[Start of section]

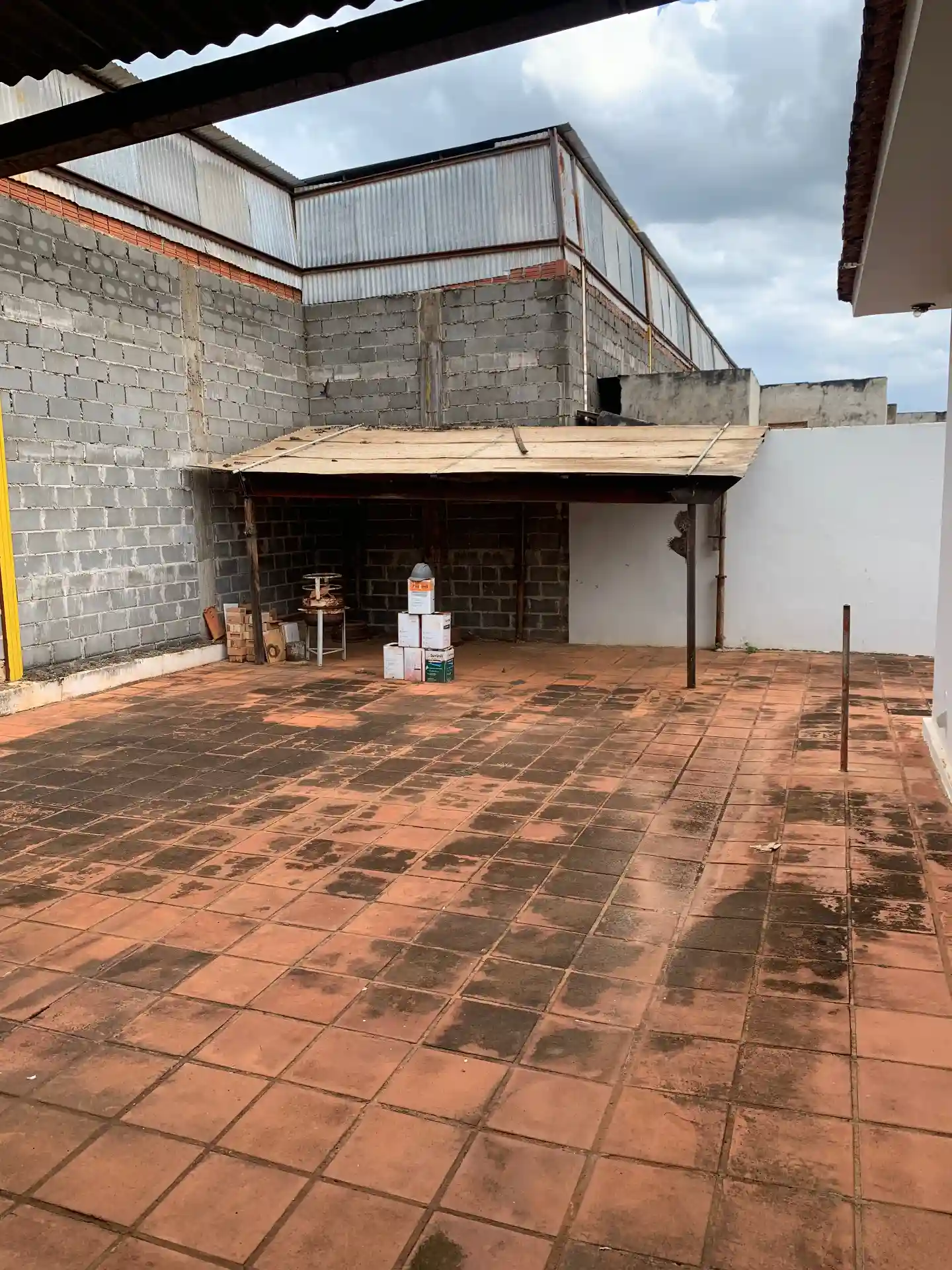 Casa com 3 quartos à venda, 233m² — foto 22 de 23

[End of section]
[Start of section]

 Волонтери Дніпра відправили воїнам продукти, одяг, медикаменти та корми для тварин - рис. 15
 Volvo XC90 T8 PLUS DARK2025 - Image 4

[End of section]

▶ _Activity_:
Copy out the range of lines above starting at the line with "Волонтери Дніпра відправили" and ending at the line with "Volvo XC90 T8 PLUS DARK2025 - Image 4", exactly and including both.

▶ _Response_:
 Волонтери Дніпра відправили воїнам продукти, одяг, медикаменти та корми для тварин - рис. 15
 Volvo XC90 T8 PLUS DARK2025 - Image 4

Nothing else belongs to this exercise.